OFM carefully ran the numbers and found that making polluters pay and reinvesting the money in Washington would trim pollution, grow jobs and the economy, fund schools, maintain roads, while holding working families and vulnerable businesses harmless. You don’t find deals like that very often!
Benoit St-Jean
READY and HOPING for YOU to contribute to a truly North American Carbon mkt !
The California / Québec Cap&Trade linkage system, under the Western CLimate Initiative Regional Carbon market, is ready, functional and eager to accept new serious partners like Oregon, Washington and Ontario, to confirm and consolidate a truly, efficient North American regulated carbon market.

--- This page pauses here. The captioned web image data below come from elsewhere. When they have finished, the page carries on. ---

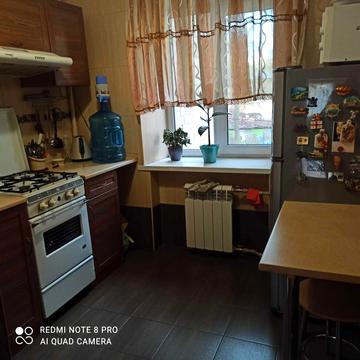 Гімназійна набережна вул. (Червоношкільна набережна), 12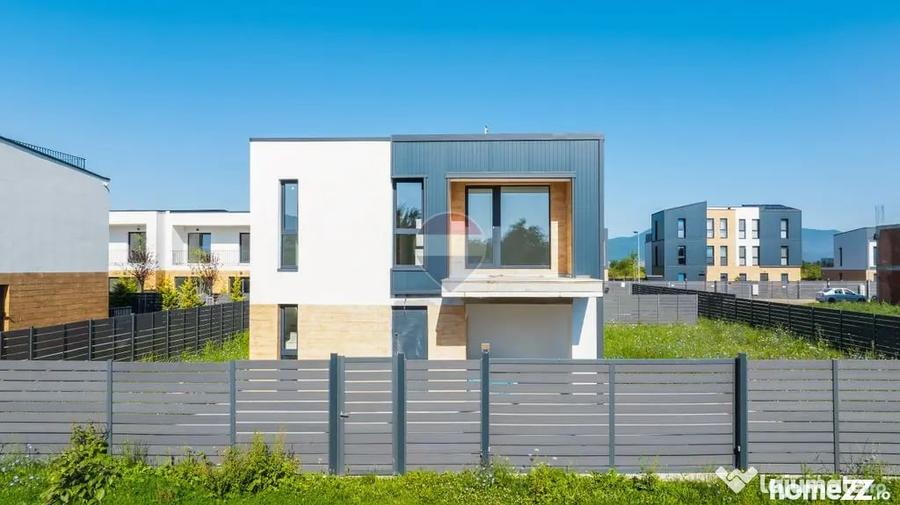 Casă cu 4 camere cu Teren 538 Mp în IAR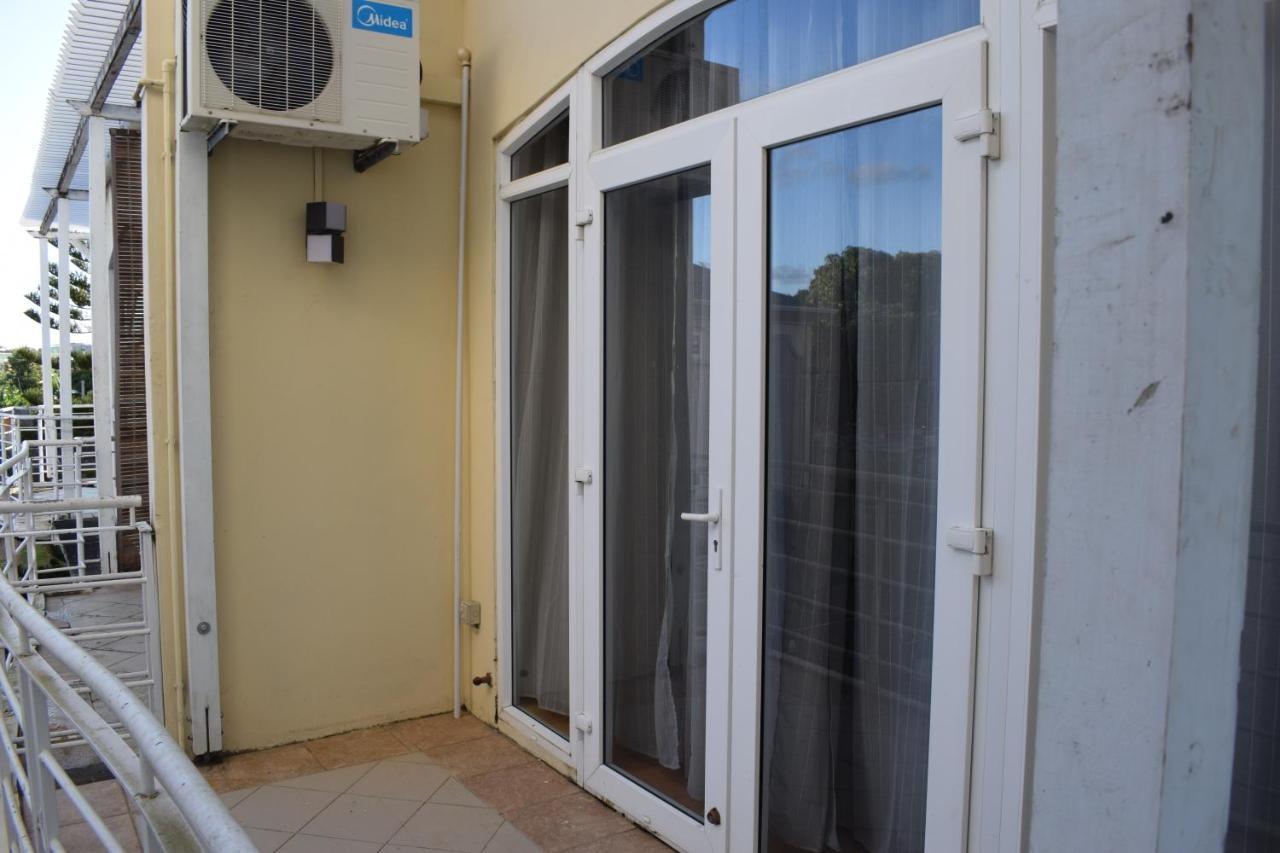 Ocean Drive Studio - Opposite The Beach Grand Bay Exteriér fotografie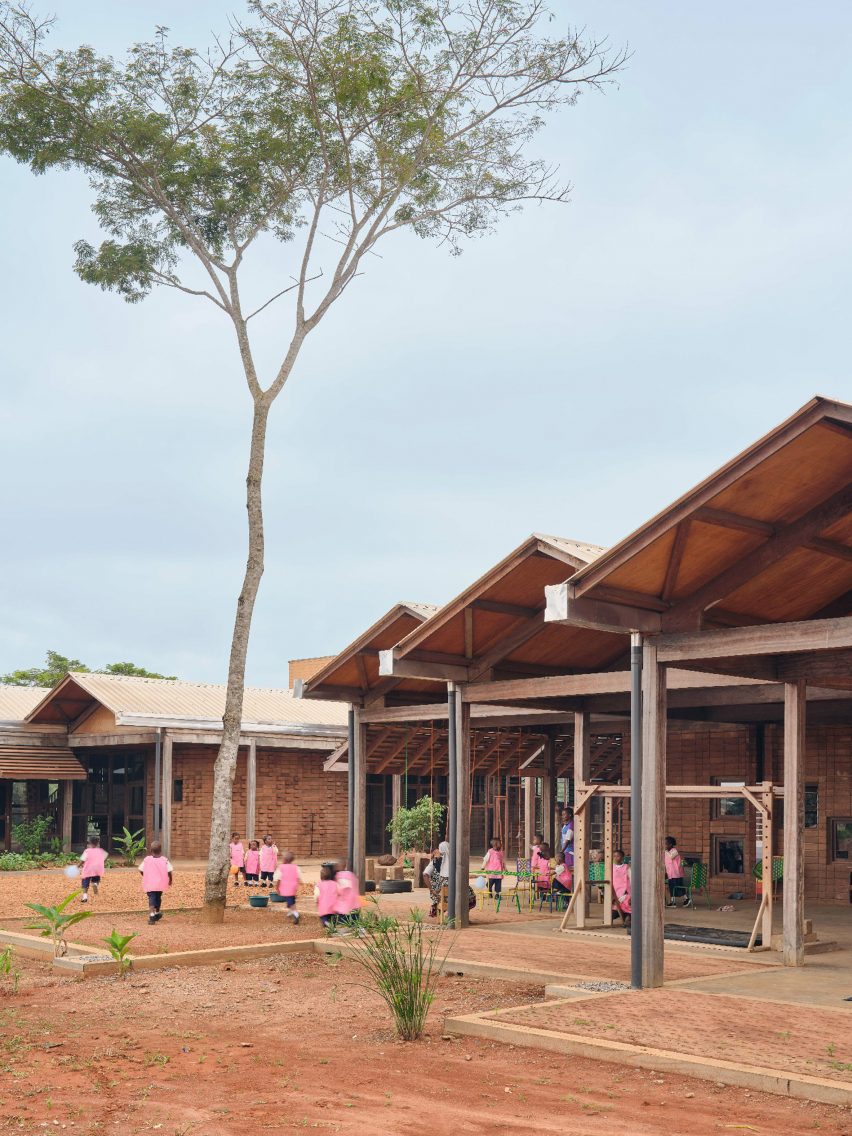 African Flow School in Cameroon by Urbanitree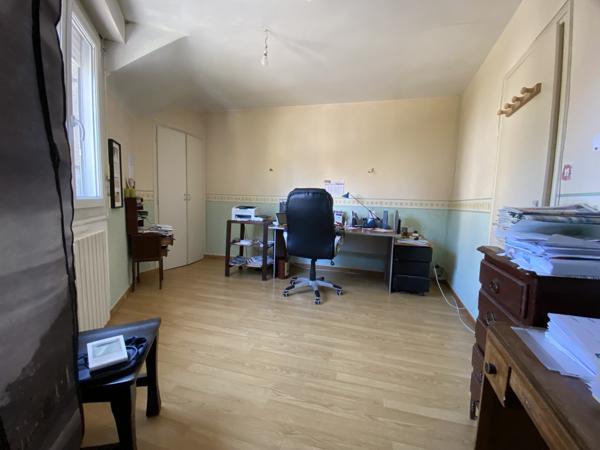 Baud (56150) Maison de ville dans le centre de BAUD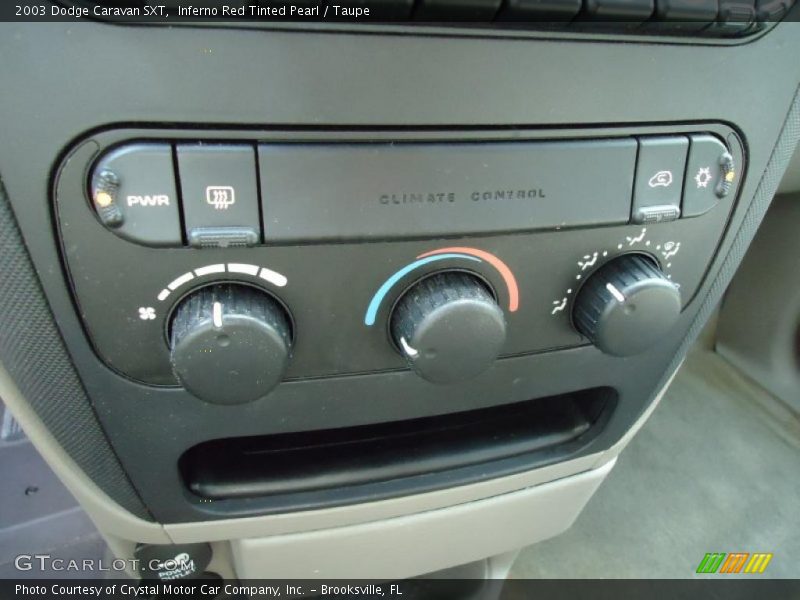 Controls of 2003 Caravan SXT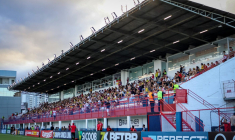 Le tremblement d’une tribune entraîne l’arrêt définitif d’un match
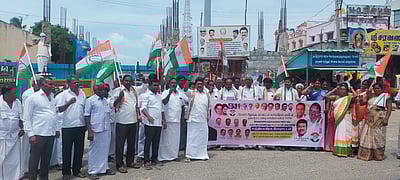 அக்னிபத் திட்டத்துக்கு எதிா்ப்பு வாழப்பாடியில் காங்கிரஸ் ஆா்ப்பாட்டம்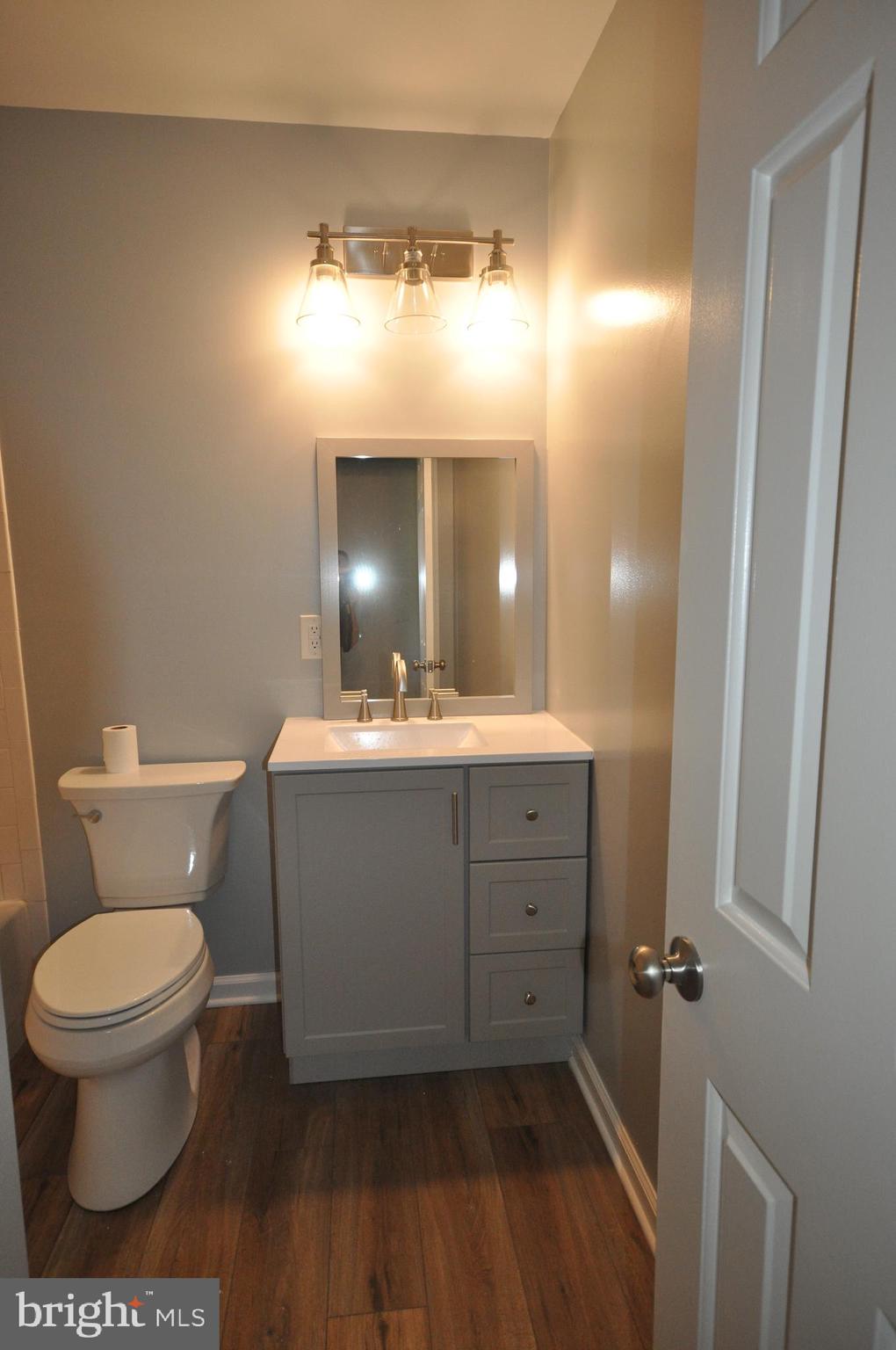 BROADVIEW - Residential Lease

Benoit St-Jean, baa, aci, ll.m.(environnement)
Conseiller en commerce international et changements climatiques
Advisor in International Commerce and Climate Change
Asesor en comercio internacional y cambio climático
St-jean.Benoit.2@courrier.uqam.ca, @GoEcoSynergie
James Adcock
This Inslee bill puts a price of $13/ton on carbon pollution. But real climate scientists (publishing recently in Nature Climate Change) put the real price of carbon pollution closer to $100/ton. Placing a tax on carbon only makes a difference if that tax is high enough to actually change behavior. Such a price is around $30-$40 a ton — a price high enough to change the behavior of our electrical utilities. Even then a price of (equivalently) $0.30 to $0.40 per gallon of gas isn’t going to change car driver behavior. Compare the Inslee bill to the CarbonWA approach — which has a price/ton 2X higher — still way too low to be effective — but a least it would be a start!
Frank John
I agree.
The point is to get the polluters to stop polluting — and the sooner the better. There is no point in giving residents of Oregon money to compensate for the pollution. The whole point is to stop pollution, because if you don’t, you and your children won’t be around to collect the money anyway.
I don’t understand why people cant see that.
Christin
I think this might be a rock and a hard place issue…
The rock: many people continue their willful ignorance about climate change so passing any laws limiting carbon has been a ridiculously long battle (it’s 2015, we have a 2020 deadline to get to 1990 levels and we haven’t passed any limits yet, essentially wasting 7 of the 12 years we gave ourselves). The willful ignorance often comes from fear about not being able to maintain one’s lifestyle or hobbies, due to the increased price of carbon.
The hardplace: we have to limit carbon somehow and the longer we continue to wait for the perfect bill for everyone to agree on the more severe the required changes will be. Since passing something that will hurt enough for people to change behaviors, isn’t likely to pass in our corrupted democracy… do we really have the time to wait to get anti-corruption candidates into all the offices (at the state level) before implementing a carbon limit?
Not to mention the state could really use the money right now so we can fully fund education (without eliminating higher education).
Perhaps an additional carbon use tax will be needed in the future to drive carbon reliance down more, but for now, I’m glad they’re even considering a decent proposal to put limitations on it.
Kenneth Carpenter
Has anyone warned God about the troublesome volcanos, or petitioned God to limit the CO2 from these sources? It is a fact that volcanos emit orders of magnitude more CO2 than we humans.